Reverence for the Natural World

TWO nature writers, two very different subjects, and two dissimilar means of approach can be equally rewarding. River historian Bruce Stutz chooses to paddle his craft upstream in open water, while garlic farmer Stanley Crawford finds his subject by digging down deep into the earth.

As Bruce Stutz reminds the reader on the opening page of Natural Lives, Modern Times: People and Places of the Delaware River (Crown, 390 pp., $22) the river's name is attributed to a man who never set eyes on it - the 17th-century English Lord De La Warr. This great, if neglected, river was first known as the Lenapewhihituck, meaning "swift waters of the Lenape," named after the Indian tribe living on its banks long before De La Warr's time.

The Delaware is easy to overlook still today, squeezed between the Chesapeake and the Hudson Rivers. The only view most Americans ever get of the river is the blighted, industrial waterfront as they cross Interstate 95's high-suspension bridge in their cars. Yet the river provides safe drinking water to some 20 million people, including the residents of New York City, and the population of its drainage basin is greater than the population of 40 of the 50 states.

Rather than a grimy, snapshot image taken from a speeding automobile, Stutz finds more intimate vantage points from which to view the river. And in doing so, he offers readers new perspective on the Delaware's surviving river culture, its industrial ups and downs, and its past and future environmental battles.

He sees the river from a small outboard in the company of two crusty shad fishermen on the upper bay, from its litter-strewn banks just below Trenton on a hike led by a far-seeing urban preservationist, and atop an eel-catching weir built upstream by a stonemason who quotes Lao Lsu. These are just three of the many river men - lay and professional alike - whose love for the Delaware speaks loud and clear in this finely researched book, well-laden with just plain river talk.

Stutz begins his voyage near the river's end on the lower bay. He watches water birds feast at the annual egg-laying ritual of the horseshoe crab, whose ancestors similarly crawled upon land 400 million years ago to lay their eggs.

"Here is a river so long settled and so much changed," he writes, "one can look at it anew, a modern river in an ancient course, an ancient river in a modern world."

He finds a solemn lesson about time, past and present. The crabs seem to survive whatever man throws at them - oil spills, sewage leaks, channel dredging - but the birds that feed upon them cannot. Sanderling and red knot bird counts are down 20 to 40 percent in just a few years, due no doubt to the degradation of habitat in their key migratory stops like the Delaware Bay. Plenty of crabs for them to eat perhaps, but the crabs themselves now eat industrial waste.

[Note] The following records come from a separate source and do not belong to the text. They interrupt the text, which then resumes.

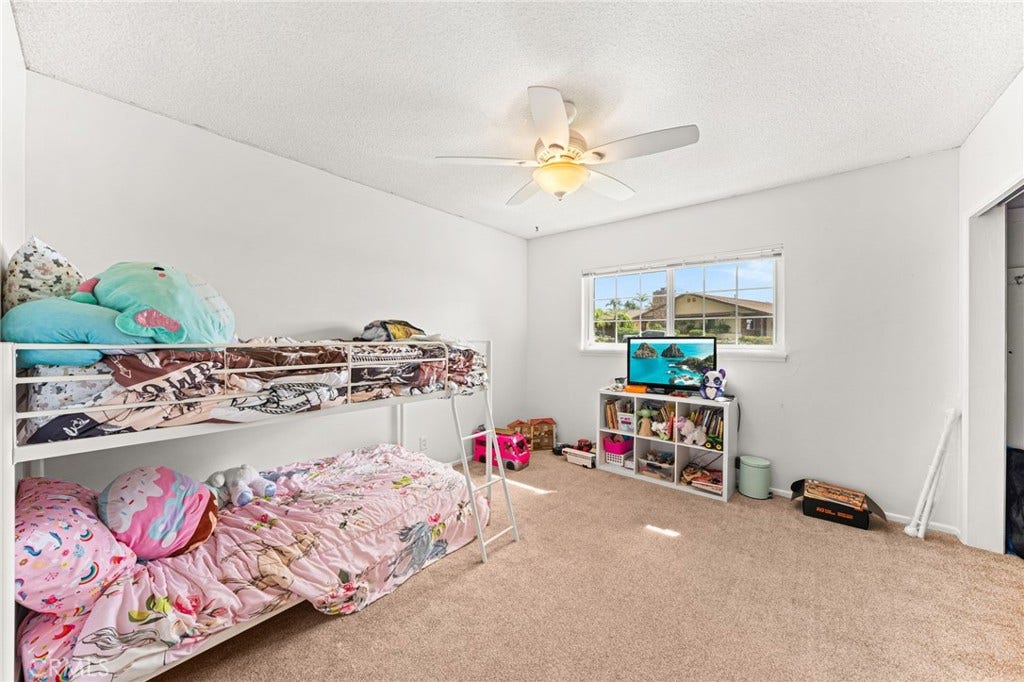 6614 Summit, Highland, CA 92346 6614 Summit, Highland, CA 92346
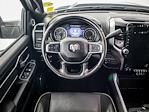 2024 Ram 3500 Crew Cab DRW 4x4 Pickup for sale #25004A - photo 24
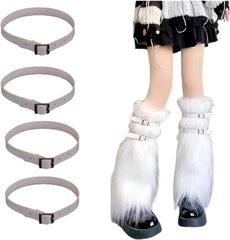 Item thumbnail for item 05ed85e0-1afd-431a-a96e-0985ce781c74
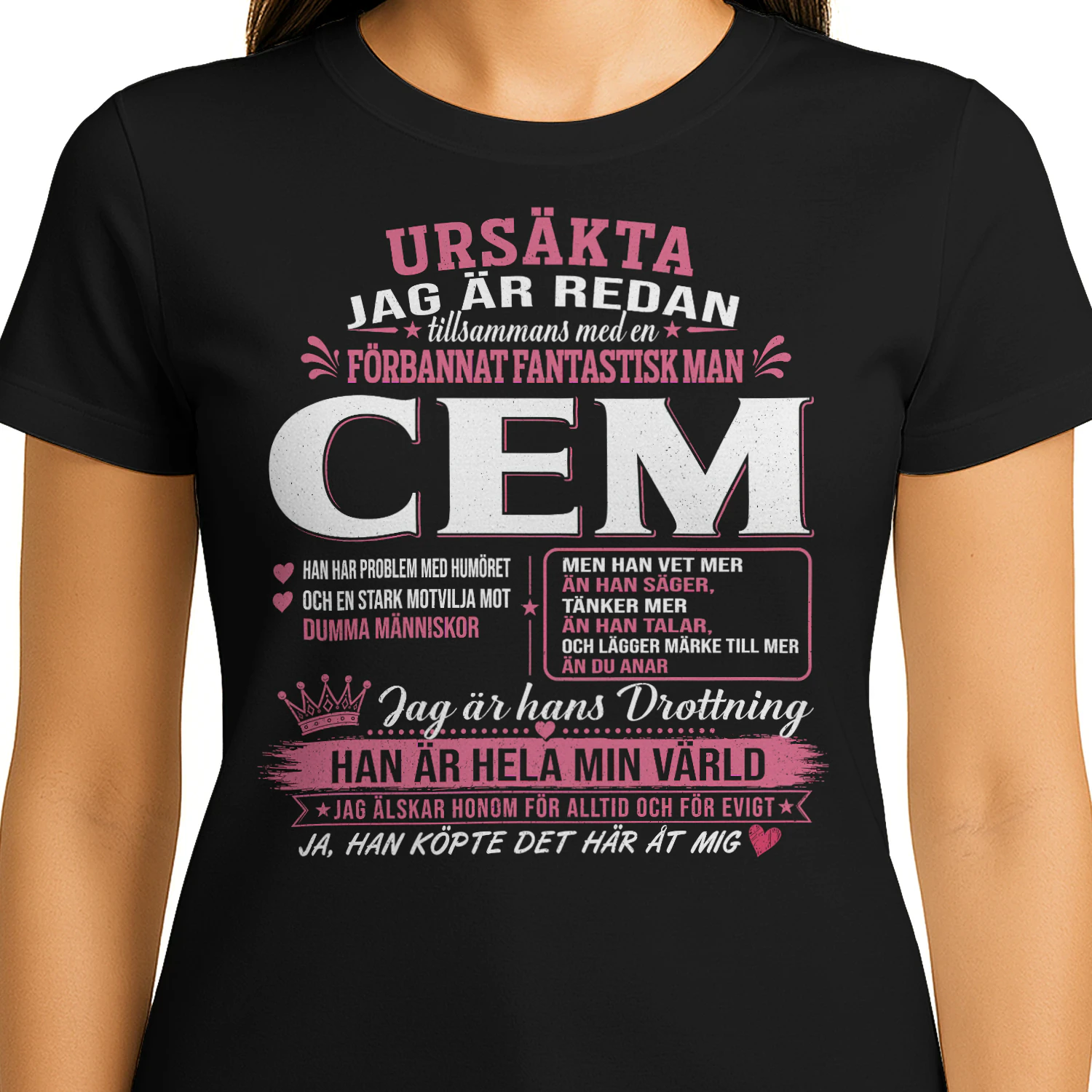 fnsem1390 Cem MSA30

And the modern world still threatens the river's ancient course in the most fundamental way as engineers, against all common sense, keep alive the idea of damming the Delaware Water Gap, he says. A seventh-generation farmer who has led the battle against the dam recalls her father's view of the plan: "like taking Miss America and using her for scientific research." If only, Stutz seems to say, all river lovers were this blunt, the Delaware would be safe.

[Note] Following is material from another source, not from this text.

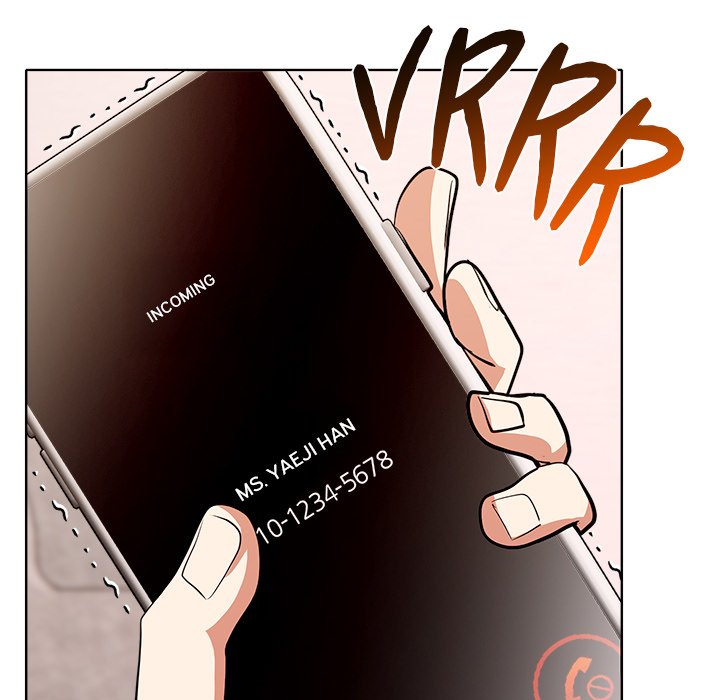The Restless Divorcee - Chapter 8 - picture 115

Out West, along a tributary of another great American river, the Rio Grande, New Mexican garlic farmer Stanley Crawford scratches out a living from one of nature's stingiest crops. In his book A Garlic Testament: Seasons on a Small New Mexico Farm (HarperCollins, 241 pp., $20) he talks about his profession as one requiring the patience of Job and the back of an ox just to yield a harvest big enough to break even. So it's fortunate that he finds pleasure in the everyday chores of a 12-month calendar - job s like plowing, irrigating, and hoeing - to grow a food plant many people consider foul-smelling.

And it's fortunate for readers that he also harvests from these same chores such penetrating insight about why people choose a particular line of work and about the many turns and dead-ends taken before they find out what makes them happy. Following proudly within the philosopher-farmer tradition set by Thomas Jefferson, Henry David Thoreau, and more recently, Wendell Berry, Crawford has surely written the most literary book on growing garlic to date.

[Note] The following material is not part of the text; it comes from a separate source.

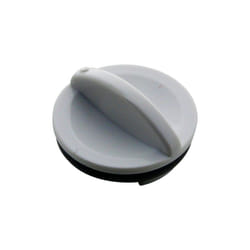 Bouchon reservoir M0006633 pour Nettoyeur vapeur Polti vaporetto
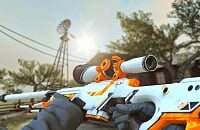 Отто «ottoNd» Сихво, Кенни «kennyS» Шраб, Фредрик «REZ» Стернер, Томас «oskar» Штястны, Патрик «f0rest» Линдберг, Йеспер «JW» Вексель, Олоф «olofmeister» Кайбьер, Шутеры, Counter-Strike: Global Offensive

He has a special talent for drawing odd parallels between the natural world and the man-made. Just as the reproductive strategy of some bird species is to display the showiest feather, we see a similar method used in his display of decorative garlic braids. Tourists buy the fanciest ones and in turn are likely to plant bulbs from these braids in their gardens. Thus, because they buy his garlic rather than someone else's, he figures it will be the most widely propagated throughout the land.

While the bigger lessons he teaches about respect for the land and laboring on it are not always new, they bear repeating. Thus, during the annual review of his farm loan, he tells of how the Amish classify field labor as a product rather than an expense. If loan managers did the same, their ledger books and perspective on family farming in general would improve, he says.

But money alone can never explain or justify a farmer's life, he writes. For that, something else is needed, something more tentative yet also more enduring.

Crawford might be a mystic at heart, but this book and his previously published "Mayordomo: Chronicle of an Acequia in Northern New Mexico" (1988), along with the dirt under his fingernails and the calluses on his hands, prove him to be simply a hard-working writer with a few acres of garlic out back.